I’m just back from the Himalayas. Somewhere I’ve wanted to travel to for years but only just had the chance and time to do so. I have to be honest and say that I didn’t spend a lot of time planning the trip – maybe a bit surprising when you realise that I was trekking in the Annapurnas and heading to Annapurna Base Camp at a (quite literally) breathtaking 4,130m! Luckily I was blessed with fantastic weather and great company and although the trek was tough, it’s a time I’ll look back on and always be struck by the beauty of the scenery and the sheer disbelief that I actually did it!
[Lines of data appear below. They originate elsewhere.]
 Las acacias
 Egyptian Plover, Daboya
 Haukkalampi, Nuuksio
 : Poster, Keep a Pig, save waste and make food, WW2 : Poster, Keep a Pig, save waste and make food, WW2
It’s not a deliberate thing but I tend not to travel or walk with music plugged into my ears. There’s something about travel that gives you the space and time to take in everything around you – the sounds, the smells, the sights that, in places like Kathmandu, overwhelm the senses. The constancy of the traffic, the beeping horns of scooters and taxis, the chattering voices in the markets make up the colourful city soundscape that’s rich enough without the addition of incongruous western music. That’s not to say that I didn’t hear any – Ed Sheeran’s Thinking out loud is quite a hit at wedding receptions and given it was wedding season, I heard this quite a lot! But there were also glimpses of the more traditional wedding celebrations with Nepalese Narsingas (a large, curved trumpet) heralding the arrival of a wedding party.
Out on the trail and the sounds are quite different… the distorted sound of music pushed through blown amps drifting from village festivals in the valleys, the thwack of the millet crop being threshed by hand on sunny terraces, the clanging bells and clopping hooves of the mule-trains that ferry everything from chickens to cement to propane between the high-altitude villages strung out across the hillsides like Christmas lights. The songs of birds, the barking of dogs and cockerels crowing at dawn all paint the sonic picture of this majestic landscape.
The mountain guides too sing their own song. A song of love about the ups and downs of life, Resham Phiriri, roughly translates as ‘Billowing Silk’. The rhythm of the music mirrors the beat of the trekker’s steps and the melody captures the happy optimism of the people encountered along the trail. Here’s just a short clip of the Resham Phiriri sung to us by Dawa Sherpa and Nema Sherpa on our last night in the mountains – you’ll hear Dawa give an idea the sentiment of the song at the end. It wasn’t until I returned home and did a little more research on the song that I realised how popular it is, with different versions sung for trekkers!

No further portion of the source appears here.